This Rights Certificate is subject to all the terms and conditions of the Rights Agreement, which terms and conditions are hereby incorporated herein by reference and made a part hereof and to which Rights Agreement reference is hereby made for a full description of the rights, limitations of rights, obligations, duties and immunities hereunder of the Rights Agent, the Company and the holders of the Rights Certificates. Copies of the Rights Agreement are on file at the principal office of the Company and are available from the Company upon written request.
This Rights Certificate, with or without other Rights Certificates, upon surrender at the office of the Rights Agent designated for such purpose, may be exchanged for another Rights Certificate or Rights Certificates of like tenor and date evidencing an aggregate number of Rights equal to the aggregate number of Rights evidenced by the Rights Certificate or Rights Certificates surrendered.
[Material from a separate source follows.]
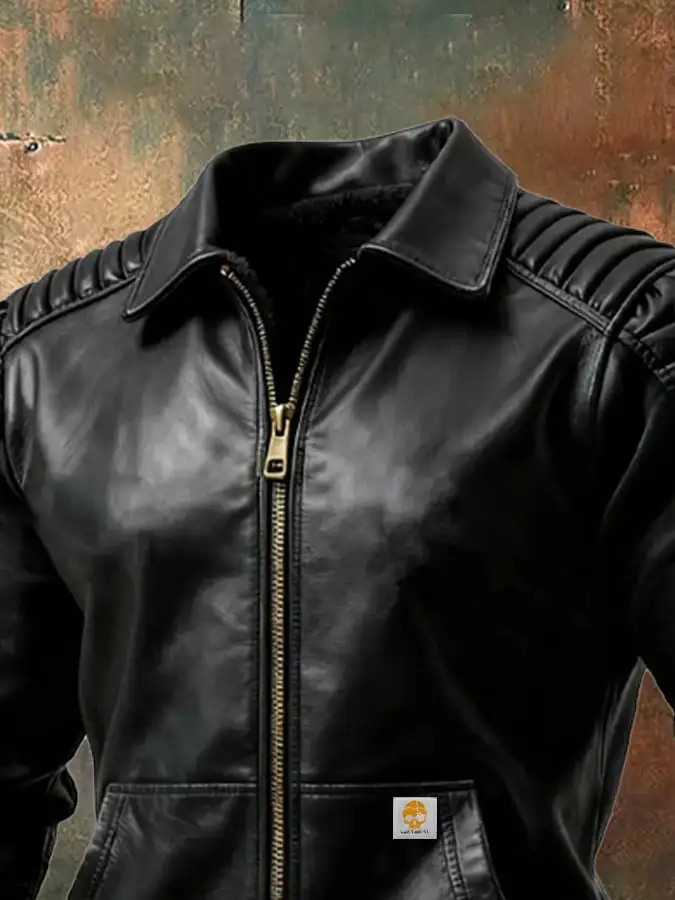 Men's Vintage Leather Patchwork Jacket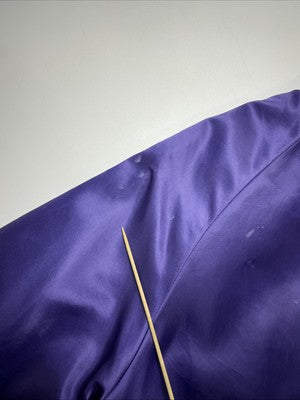 Vintage Minnesota Vikings Chalk Line Satin Bomber Jacket Size Small NFL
If this Rights Certificate shall be exercised in part, the registered holder shall be entitled to receive, upon surrender hereof, another Rights Certificate or Rights Certificates for the number of whole Rights not exercised.
Subject to the provisions of the Rights Agreement, the Rights evidenced by this Certificate may be redeemed by the Company under certain circumstances at its option at a redemption price of $.001 per Right, payable at the Company’s option in cash or in common stock of the Company, subject to adjustment in certain events as provided in the Rights Agreement.
No fractional shares of Preferred Stock will be issued upon the exercise of any Right or Rights evidenced hereby (other than fractions which are integral multiples of one one-thousandth of a share of Preferred Stock), but in lieu thereof a cash payment will be made, as provided in the Rights Agreement.
No holder of this Rights Certificate, as such, shall he entitled to vote or receive dividends or be deemed for any purpose the holder of Preferred Stock or of any other securities which may at any time be issuable on the exercise hereof, nor shall anything contained in the Rights Agreement or herein be constituted to confer upon the holder hereof, as such, any of the rights of a shareholder of the Company or any right to vote for the election of directors or upon any matter submitted to shareholders at any meeting thereof, or to give or withhold consent to any corporate action, or to receive notice of meetings or other actions affecting shareholders (except as provided in the Rights Agreement), or to receive dividends or subscription rights, or otherwise, until the Rights evidenced by this Rights Certificate shall have been exercised as provided in the Rights Agreement.
This Rights Certificate shall not be valid or obligatory for any purpose until it shall have been countersigned by the Rights Agent.
WITNESS the facsimile signature of the proper officers of the Company and its corporate seal. Dated as of , 20 .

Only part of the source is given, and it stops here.